SINGAPORE: A new statutory test for the provision of medical advice and changes to strengthen the medical disciplinary process was established today after the Civil Law (Amendment) and Medical Registration (Amendment) Bills were passed on Tuesday (Oct 6).
Speaking in Parliament, Second Minister for Law Edwin Tong noted that following some well-publicised medical cases from the Singapore Medical Council’s (SMC) disciplinary tribunals, the “relationships of trust” in the healthcare system “have been called into question”.
“In the wake of these cases, there was significant disquiet within the medical fraternity. Many doctors grew uncertain as to what might be required of them when they saw a patient, advised a patient, took informed consent. They had also serious concerns as to whether the rigour of the SMC system was sufficient to see through the cases to get a clear, consistent and certain outcome,” he added.

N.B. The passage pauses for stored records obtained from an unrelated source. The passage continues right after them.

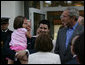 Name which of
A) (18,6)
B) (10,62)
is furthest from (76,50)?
(18,6)

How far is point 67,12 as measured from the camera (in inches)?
161

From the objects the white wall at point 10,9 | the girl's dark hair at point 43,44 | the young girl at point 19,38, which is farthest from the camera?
the white wall at point 10,9

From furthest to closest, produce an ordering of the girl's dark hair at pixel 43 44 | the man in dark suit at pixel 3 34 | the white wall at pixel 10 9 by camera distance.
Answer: the white wall at pixel 10 9
the man in dark suit at pixel 3 34
the girl's dark hair at pixel 43 44

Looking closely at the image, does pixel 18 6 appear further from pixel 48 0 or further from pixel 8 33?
pixel 8 33

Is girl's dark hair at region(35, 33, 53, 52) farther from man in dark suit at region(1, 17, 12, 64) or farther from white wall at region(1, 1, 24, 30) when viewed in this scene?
white wall at region(1, 1, 24, 30)

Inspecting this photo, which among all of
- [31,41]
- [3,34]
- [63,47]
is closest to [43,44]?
[63,47]

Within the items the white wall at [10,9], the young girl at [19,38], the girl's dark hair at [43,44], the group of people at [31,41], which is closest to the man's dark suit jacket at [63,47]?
the group of people at [31,41]

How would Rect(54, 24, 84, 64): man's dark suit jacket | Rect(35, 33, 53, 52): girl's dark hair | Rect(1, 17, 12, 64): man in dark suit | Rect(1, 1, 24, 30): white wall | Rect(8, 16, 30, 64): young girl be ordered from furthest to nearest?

This comes after the Ministry of Health (MOH) accepted the appointed workgroup’s 28 recommendations in December 2019.
READ: Frivolous complaints to Singapore Medical Council should come with costs, workgroup recommends
Singapore is already seeing the negative effects of this “uncertainty and worry” in the medical profession, said Mr Tong.
The workgroup, which was formed in March 2019, found that doctors were spending less time on patient-focused information, and were instead providing information “in a manner that they themselves judged would best absolve themselves of liability should the patient complain”, he added.
“The Court has, on numerous occasions, said that a doctor does not discharge his obligation to the patient by simply giving information without really trying to solicit understanding,” said Mr Tong.
“That’s not the way to take informed consent, but yet we’ve seen numerous accounts of this take place.”
NEW STATUTORY TEST FOR INFORMED CONSENT
The new test will require healthcare professionals to give their patients the information they need to make an informed decision. For example, any information that a patient specifically asks for must be provided, added the Second Minister for Law.
“The patient can be assured that when he walks into a clinic and sees a doctor there really are no stupid questions. Every question that this patient raises with this doctor is a valid relevant question that has to be addressed,” said Mr Tong.
This is also irrespective of whether some other patient might have wanted it or some other patient might have regarded it as material or otherwise, said Mr Tong.
“This gives primacy to what might be of concern to the patient at hand, the patient in front of the doctor, recognising that no two patients and no two consultations are identical.”
The doctor must also provide information that “ought to be apparent” from the patient’s medical records, even if the patient does not expressly communicate a specific concern or query about it, added Mr Tong.
“This is not intended to impose an obligation on healthcare professionals to review and go back into reviewing substantial volumes of medical records ... in order to try and work out or ferret out what are the concerns of queries that the patient might have," he said.
That’s not the intention, and clearly that’s also not provided for in the statute. It is also not practical or feasible in practice.”
The test will also “uphold the principle of self-regulation” in the medical profession, said the minister.
A healthcare professional will meet the standards if he acts in a manner accepted by a body of the healthcare professional’s peers as reasonable professional practice in the circumstances, said MOH in a separate press release.
“A doctor can therefore be assured that his conduct in providing medical advice to the patient will be assessed by his fellow doctors,” said the ministry.
If there are the different peer professional opinions held by other respected healthcare professionals, each of these opinions can still be used, “provided it satisfies the test of logic”, said Mr Tong.
“This recognises that there may be a diversity of views among healthcare professionals, all of which are, in principle, equally valid for consideration but of course for each of them to be logical they have to cohere with the standards and pass the test of logic and reasonableness,” he added.
CHANGES TO MEDICAL DISCIPLINARY PROCESS
The changes to the medical disciplinary process target four areas - improve the quality and consistency of processes, reduce delays and facilitate faster resolution of complaints, protect patients more effectively, and encourage the amicable resolution of complaints, said Mr Tong.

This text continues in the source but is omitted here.